START Given information
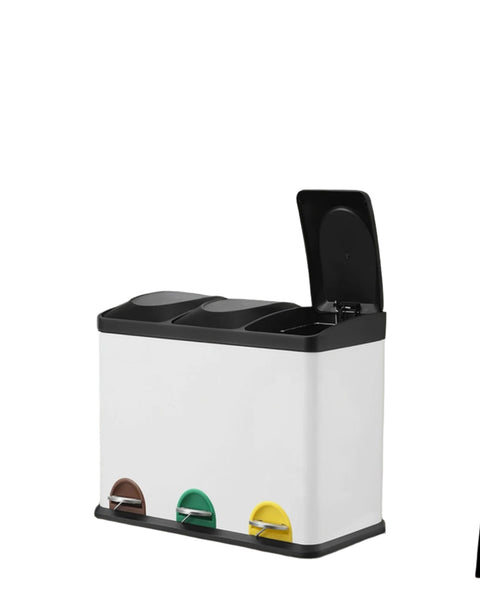 Rootz Garbage Separation System - Waste Bin - Kitchen Bin - 45L Capacity - Steel & Plastic - 60.5 x 40.5 x 48.5 cm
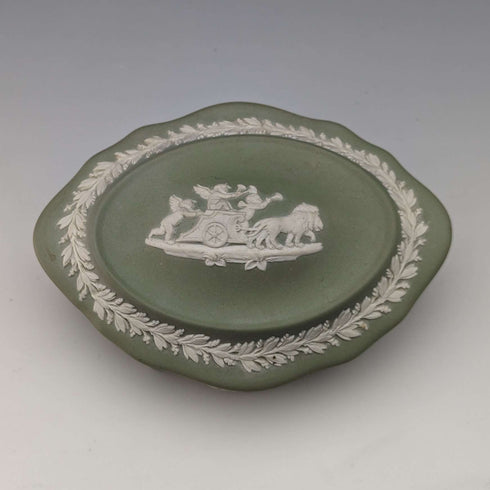 英國復古 Wedgwood Jasperware 橢圓形盒子配件箱綠色
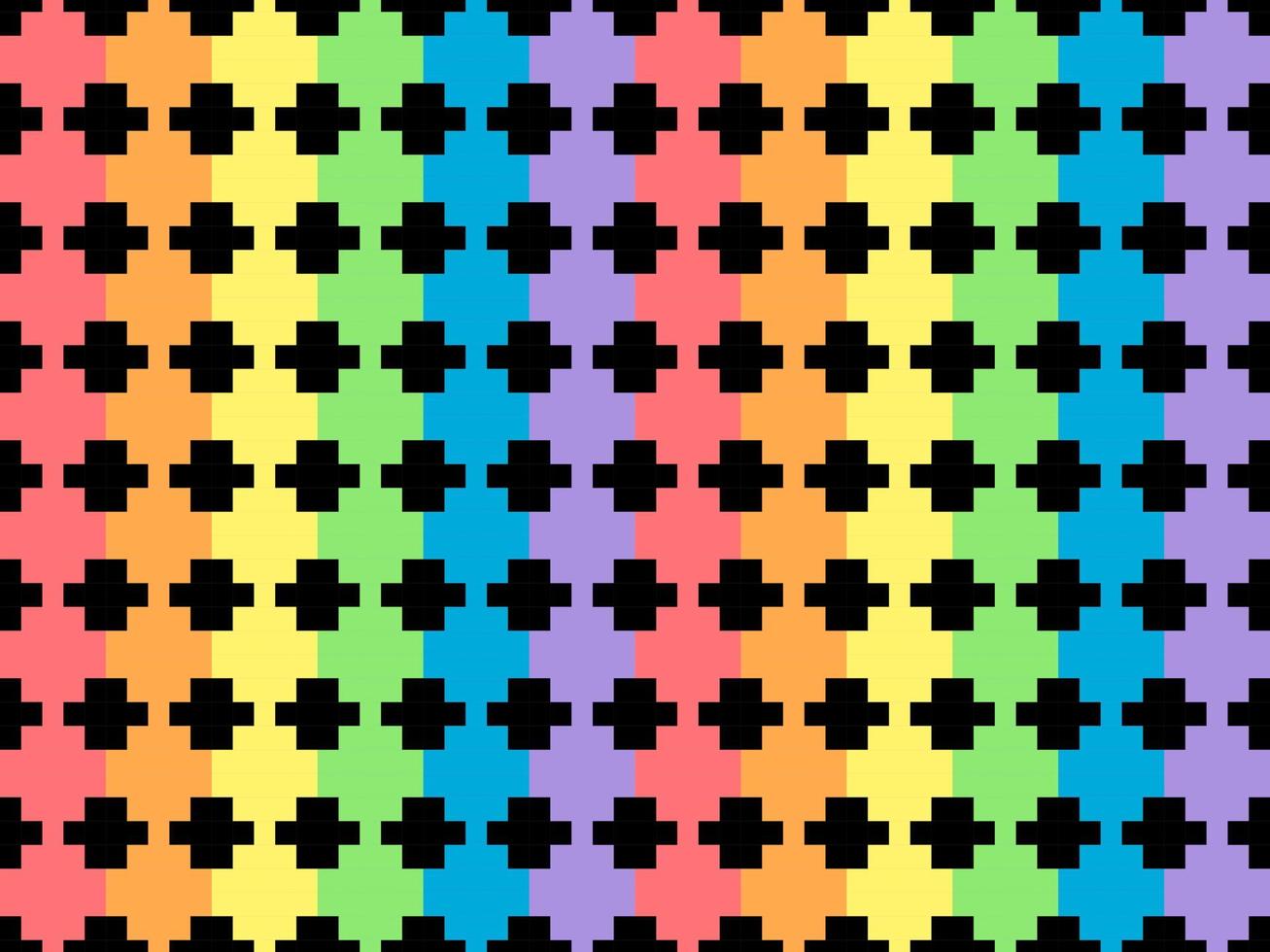 1307x980 Geometric rainbow cartoon character seamless pattern on black background. Pixel style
END Given information
▸ Problem description:
Give the data again word for word, without images.

▸ Exercise answer:
 Rootz Garbage Separation System - Waste Bin - Kitchen Bin - 45L Capacity - Steel & Plastic - 60.5 x 40.5 x 48.5 cm
 英國復古 Wedgwood Jasperware 橢圓形盒子配件箱綠色
 1307x980 Geometric rainbow cartoon character seamless pattern on black background. Pixel style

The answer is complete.